**Goal of the exercise:** Print exactly the lines from the one that contains "Baby Blankets Newborn" through the last line of the material, both included, and leave out all pictures.

**Dataset content:**

# # # # # # #

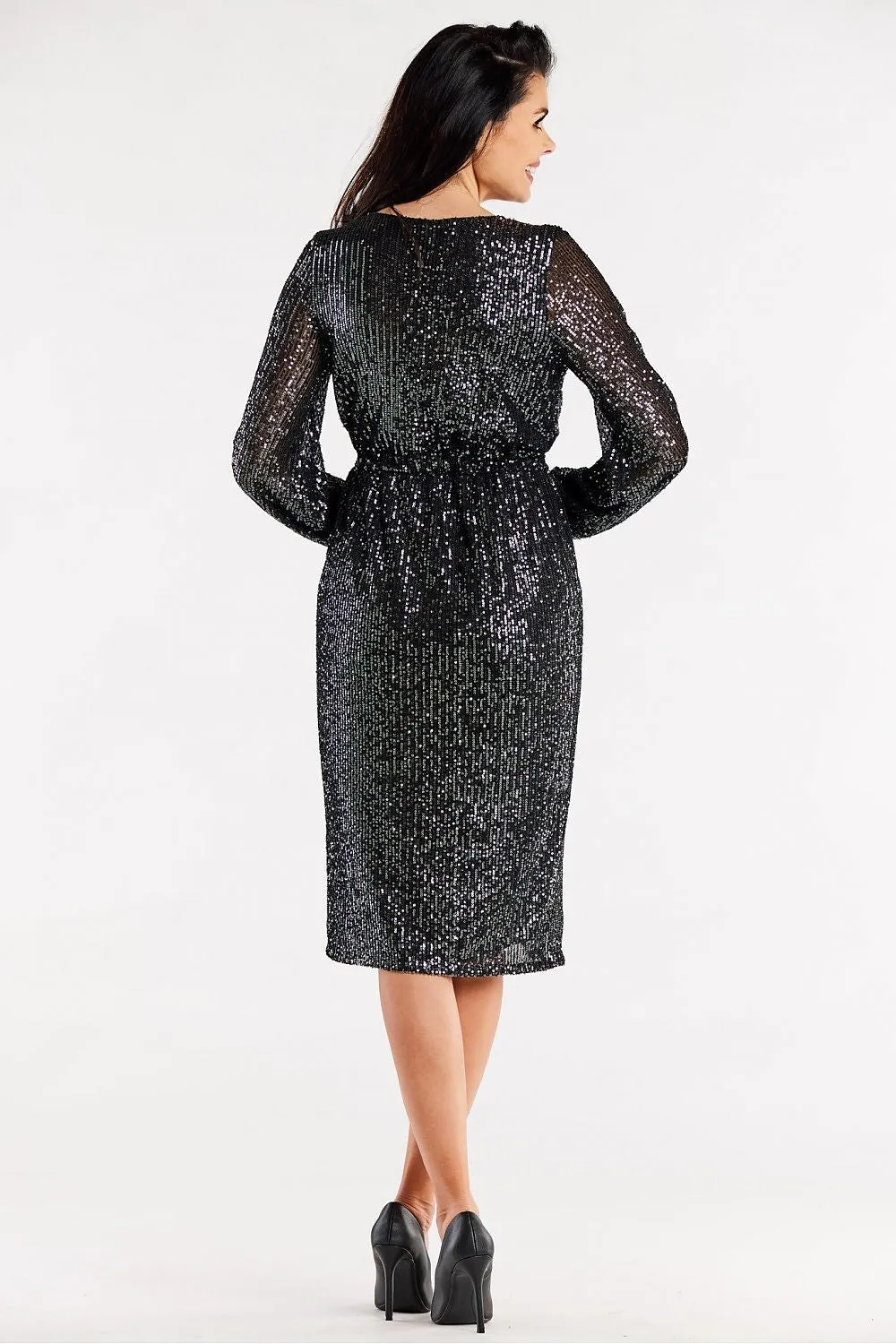 Sequined Ruffle Sleeve Dress
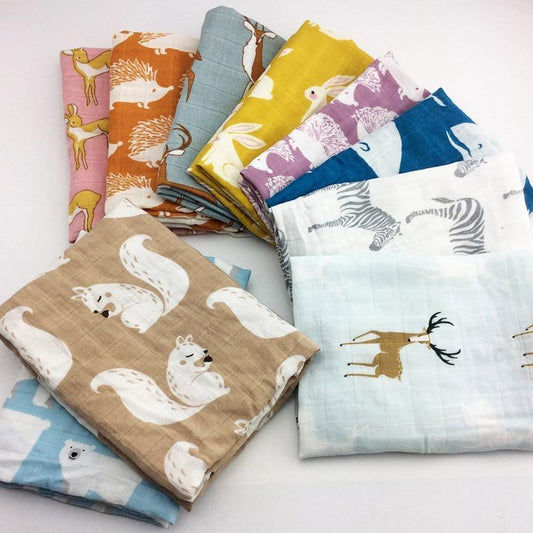 Baby Blankets Newborn Soft Organic Cotton Baby Blanket Muslin Swaddle Wrap Feeding Burp Cloth - BIG FRENCHIES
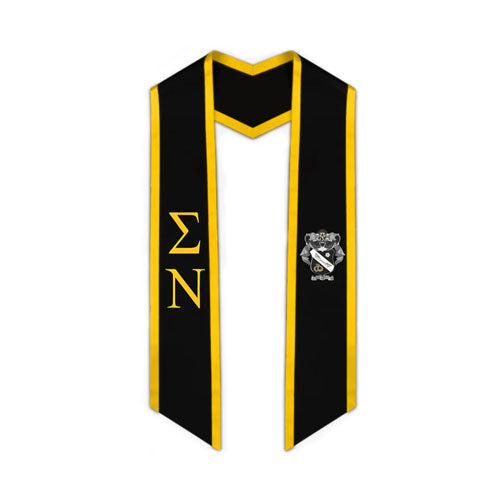 Sigma Nu Trimmed Greek Lettered Graduation Stole w/ Crest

# # # # # # #

**Result below:**
 Baby Blankets Newborn Soft Organic Cotton Baby Blanket Muslin Swaddle Wrap Feeding Burp Cloth - BIG FRENCHIES
 Sigma Nu Trimmed Greek Lettered Graduation Stole w/ Crest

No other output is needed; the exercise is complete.